::: MATERIAL FOR THIS EXERCISE :::
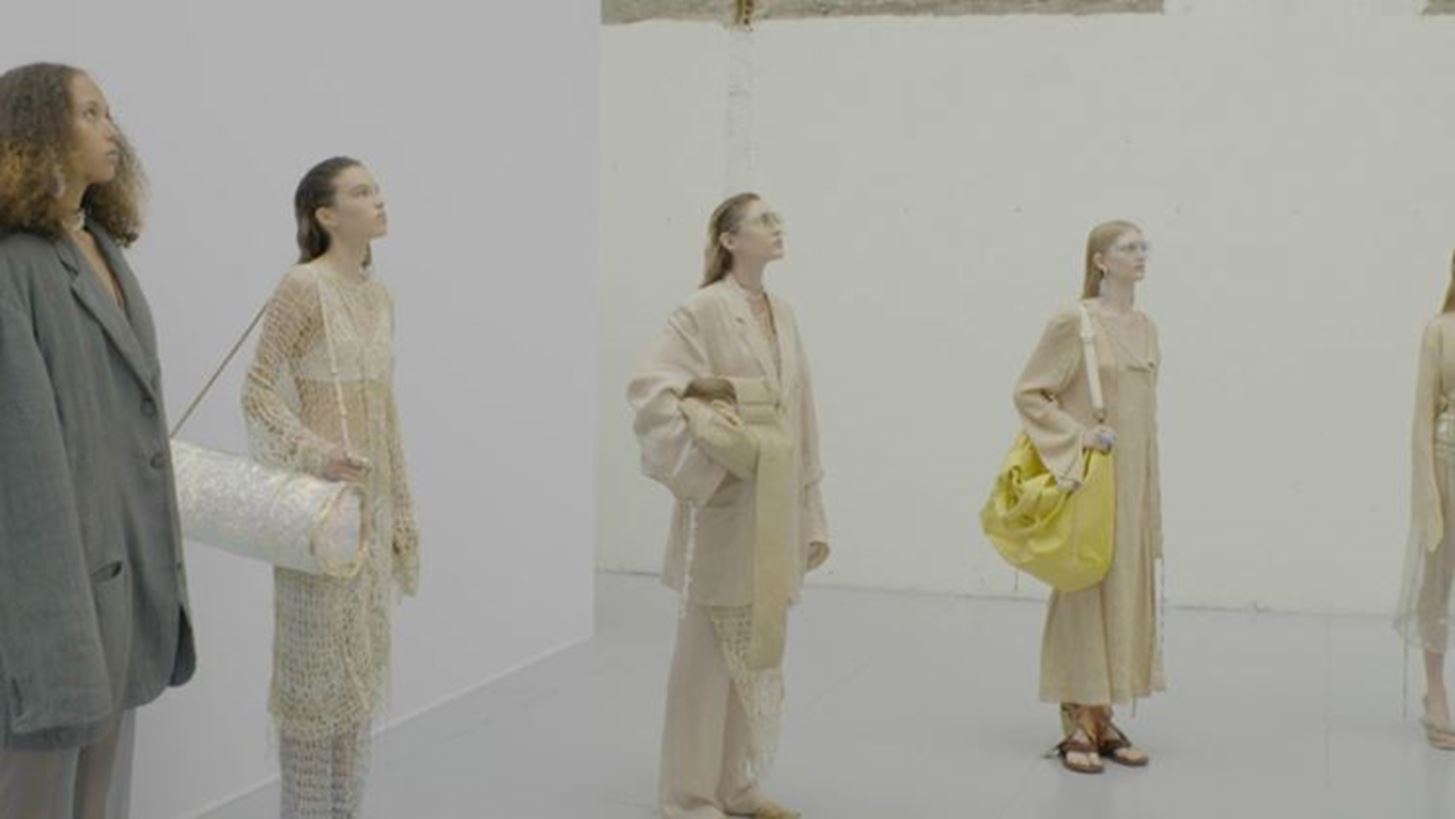 Αcne Studios | Στην SS21 συλλογή τους ανακαλύψαμε τη must τσάντα της επόμενης σεζόν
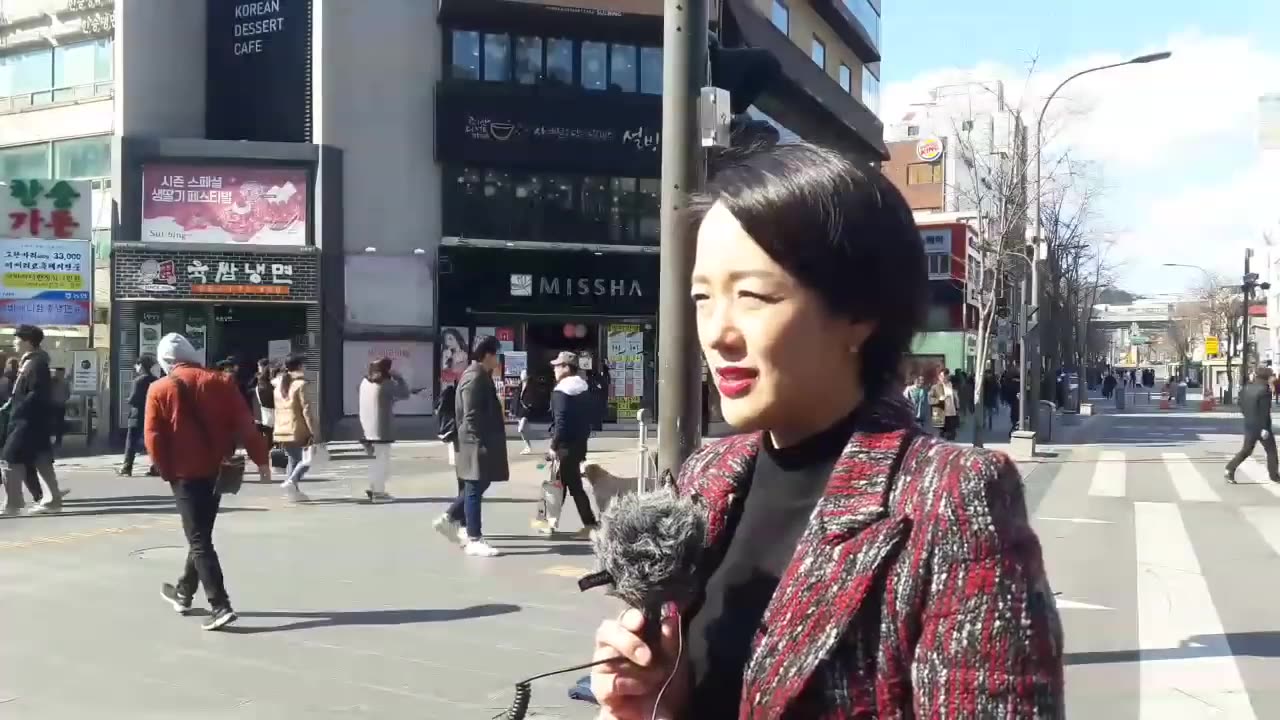 20190325_V3_S04(FlQw-yGrttk)불행한 일이 더 벌어지기전에 한 여성 변호사도 길거리로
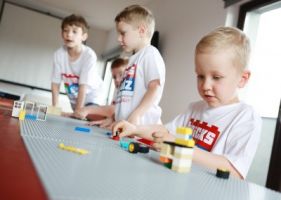 zaj cia z robotyki dla dzieci warszawa Bricks4Kidz Warszawa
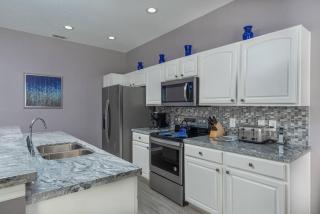 Spacious 4BR Home Themed Rooms, Pool, Near Disney - Orlando - 5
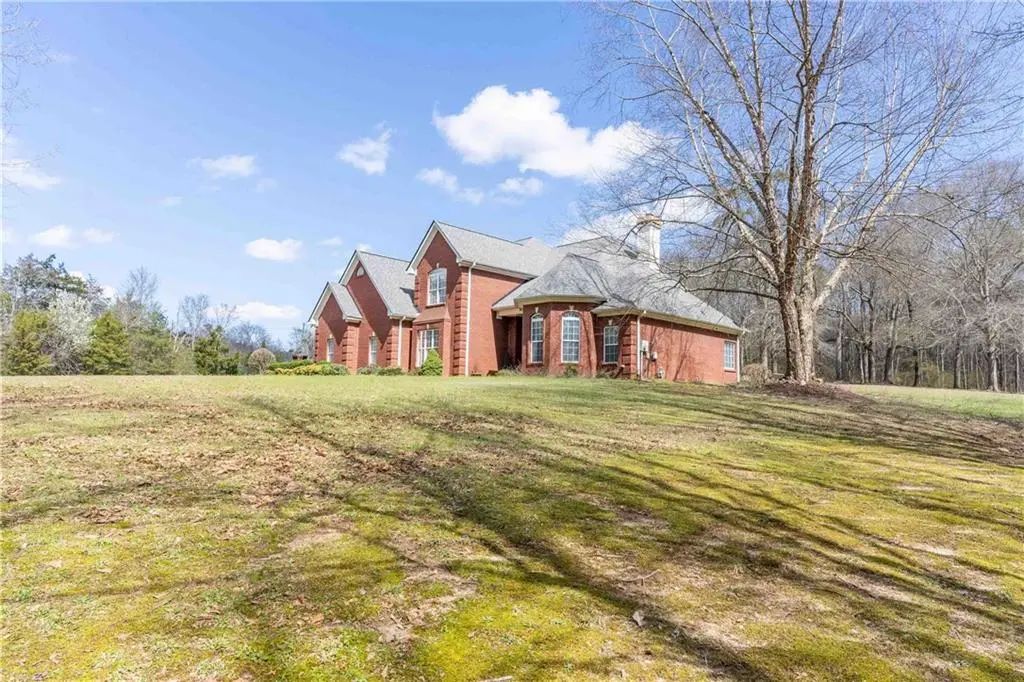 2101 Indian Shoals Road, Loganville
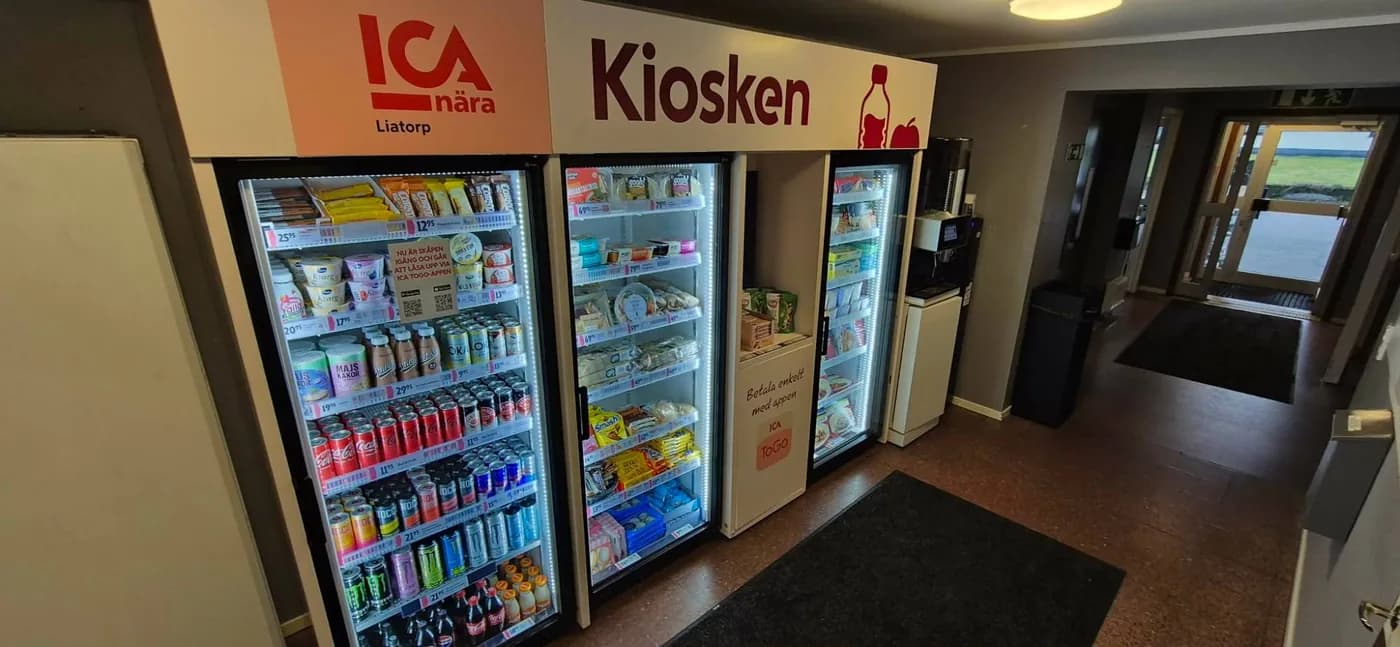 Jobbnära-kiosk med varuskåp och kaffemaskin i entrén hos ett företag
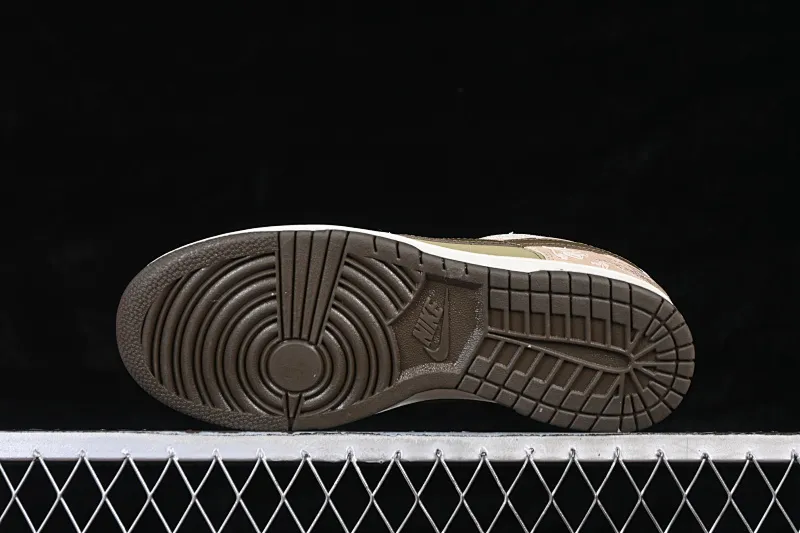 All categories Nk SB Dunk series Nk SB Dunk Low low-top sneakers Nike SB Dunk Low Year of the Horse limited low-top casual sneakers IQ1118-220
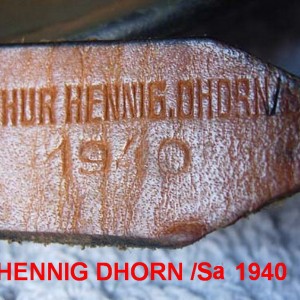 ARTHUR HENNIG DHORN .So 1940zя.jpg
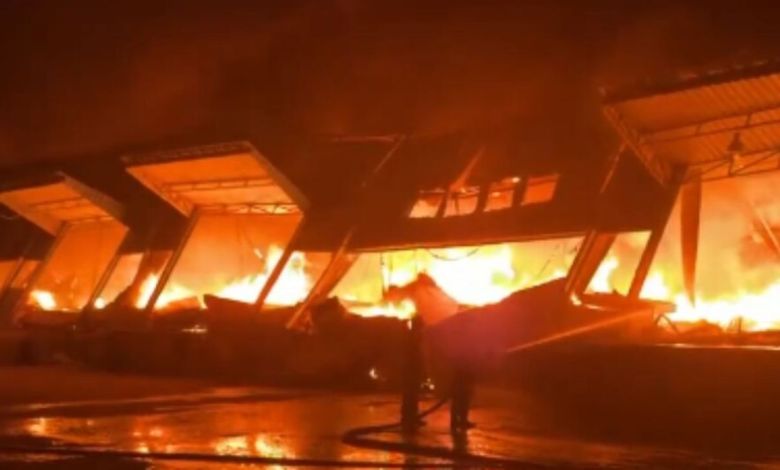 Gurugram: आधी रात को गोदामों में लगी भीषण आग! गाड़ियां और गोदाम हुए खाक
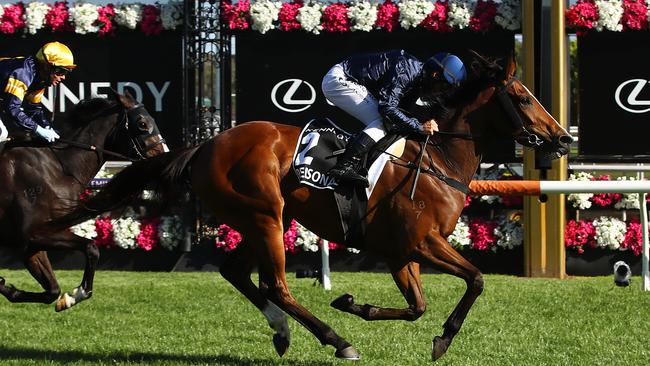 Damien Oliver and Personal take out the Kennedy Oaks.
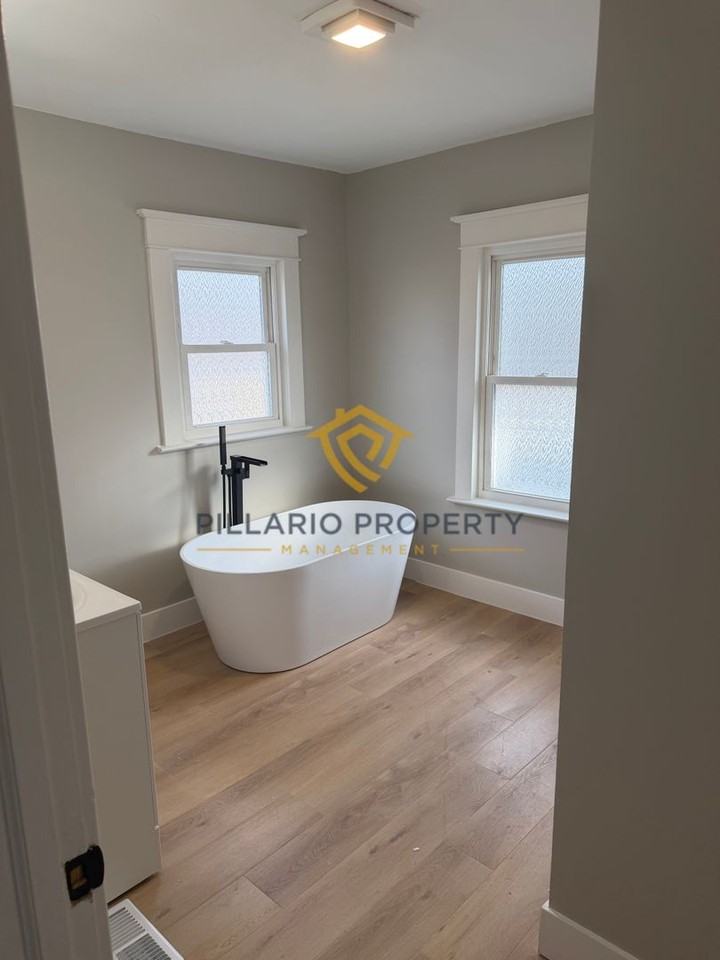 323 Lesley Ave - Photo 6 of 23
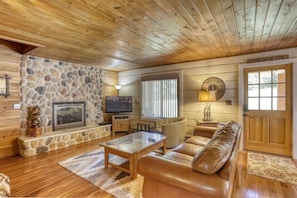TV, fireplace, DVD player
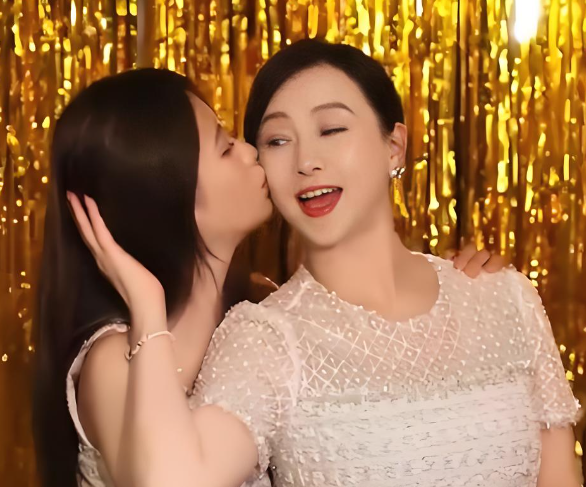 翁虹自曝和姐姐十年没联系，如今重归于好感情更深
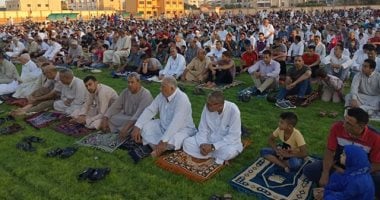 أبناء العريش يشاركون بصور من صلاة العيد فى الساحات الشعبية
:::
PROBLEM TO SOLVE.
All of the data above is to be repeated exactly, with the pictures left out.

OUTPUT OF THE EXERCISE.
 Αcne Studios | Στην SS21 συλλογή τους ανακαλύψαμε τη must τσάντα της επόμενης σεζόν
 20190325_V3_S04(FlQw-yGrttk)불행한 일이 더 벌어지기전에 한 여성 변호사도 길거리로
 zaj cia z robotyki dla dzieci warszawa Bricks4Kidz Warszawa
 Spacious 4BR Home Themed Rooms, Pool, Near Disney - Orlando - 5
 2101 Indian Shoals Road, Loganville
 Jobbnära-kiosk med varuskåp och kaffemaskin i entrén hos ett företag
 All categories Nk SB Dunk series Nk SB Dunk Low low-top sneakers Nike SB Dunk Low Year of the Horse limited low-top casual sneakers IQ1118-220
 ARTHUR HENNIG DHORN .So 1940zя.jpg
 Gurugram: आधी रात को गोदामों में लगी भीषण आग! गाड़ियां और गोदाम हुए खाक
 Damien Oliver and Personal take out the Kennedy Oaks.
 323 Lesley Ave - Photo 6 of 23
TV, fireplace, DVD player
 翁虹自曝和姐姐十年没联系，如今重归于好感情更深
 أبناء العريش يشاركون بصور من صلاة العيد فى الساحات الشعبية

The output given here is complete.